Provided data:
————————

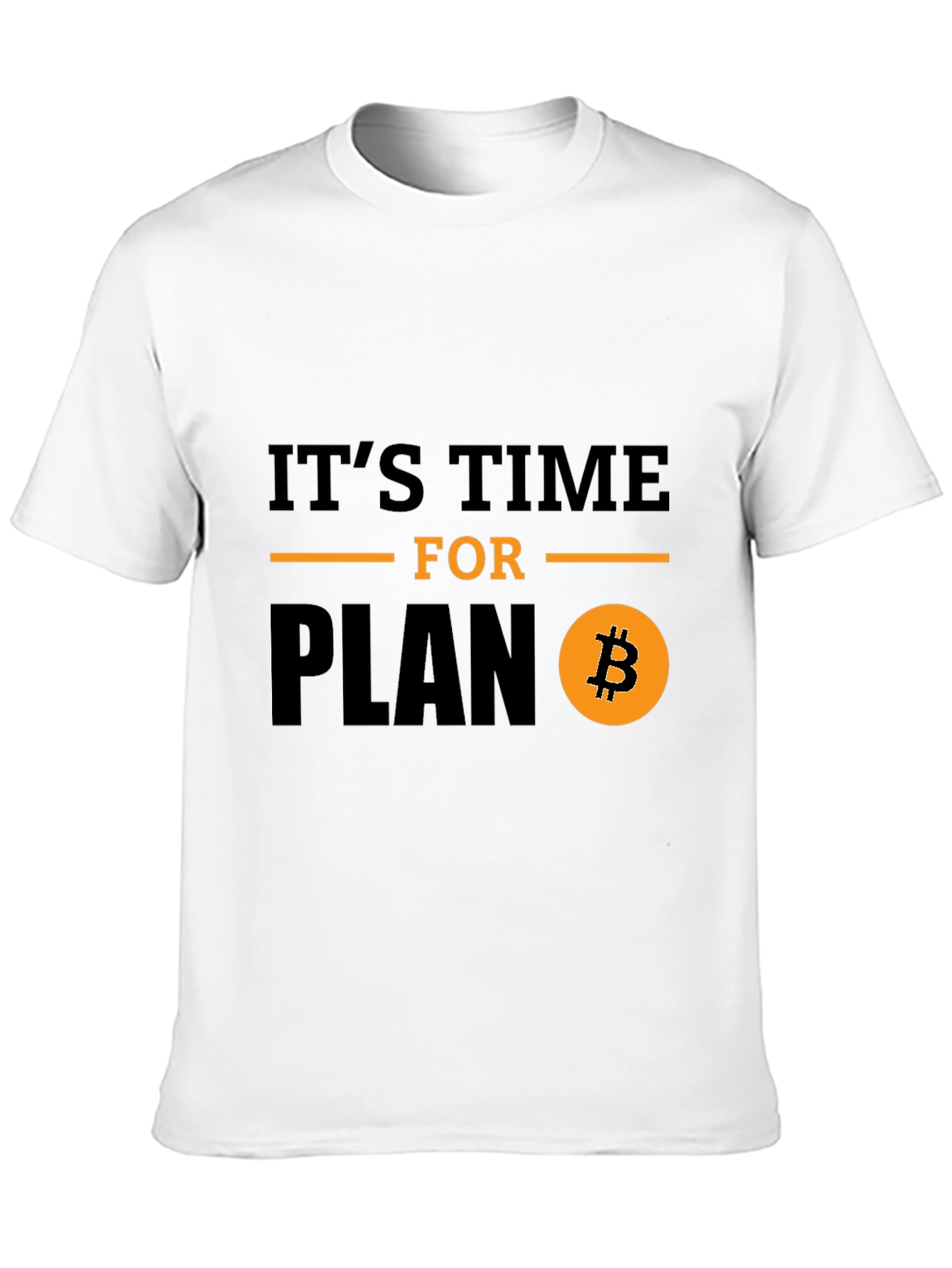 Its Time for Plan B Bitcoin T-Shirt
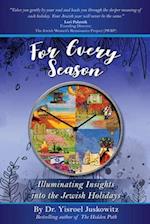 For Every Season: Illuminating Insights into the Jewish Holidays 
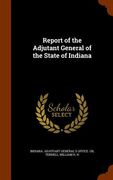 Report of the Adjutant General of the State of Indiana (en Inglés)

————————

Work task: Repeat the material exactly as it reads, without any of its pictures.

The answer:
 Its Time for Plan B Bitcoin T-Shirt
 For Every Season: Illuminating Insights into the Jewish Holidays 
 Report of the Adjutant General of the State of Indiana (en Inglés)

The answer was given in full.